Corradini, the former mayor of Salt Lake City, Utah, said the attention will now shift to getting women's ski jumping in the 2014 Winter Games in Sochi, Russia.
"That is what we will start working on right away. And that's where our focus has to be going forward," she said.
Those sentiments were echoed by Jan Willis, whose daughter Katie was among those hoping to compete in Vancouver.
Katie could not immediately be reached for comment, but her mother said they'll continue to fight to have women's ski jumping recognized as an Olympic sport.
"The women can't give up. They've just been working so hard at this. Katie's been training with the boys that are going to be going to the Olympics since she was eight years old," Jan said.
"She doesn't want to see this happening to the next generation of young girls coming up."
Ross Clark, the lawyer who represented the women, said the case was a textbook example of gender discrimination.
"We're obviously really disappointed, not necessarily surprised but certainly disappointed," he said in an interview.
"I think it's the end of the line."
Vancouver's Olympic organizing committee, or VANOC, said in a statement it hopes the female ski jumpers have a place in future Games.
"We appreciate the Supreme Court of Canada's time and careful consideration of these complex issues," the statement, attributed to VANOC chief executive officer John Furlong, said.
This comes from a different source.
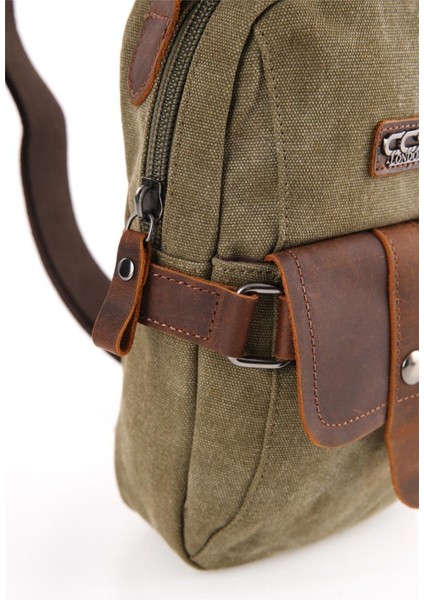 Yeşil Kanvas Omuz Askılı Çapraz Çanta, Şık ve Kullanışlı Tasarım fırsatları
"We remain supportive of these young women and of having women's ski jumping added to the roster of future Olympic Winter Games."
The women first launched a lawsuit against local organizers in May 2008, 18 months after the International Olympic Committee decided to exclude the sport.
They dropped a complaint with the Canadian Human Rights Commission when the federal government agreed to lobby the IOC. When that failed, they pursued a court case based on the charter.
The women wanted the courts to force Games organizers to either add a women's event or cancel the men's. Organizers said they could do neither.
The IOC voted not to include women's ski jumping at the 2010 Games because, according to rules in place at the time, the sport was not developed enough.
There are also Olympic rules dictating how far in advance of an Olympics a sport can be added to the program.
The women countered they have since held enough international events to qualify for consideration as an Olympic sport. They said it wouldn't be difficult for the organizers to accommodate one additional event.
Lynch said she's far from optimistic the IOC will ever include women's ski jumping in the Winter Games.
"If they think that the sport doesn't meet the technical criteria now, when are they ever going to think that? Women's ski jumping is as good as it's ever been," she said.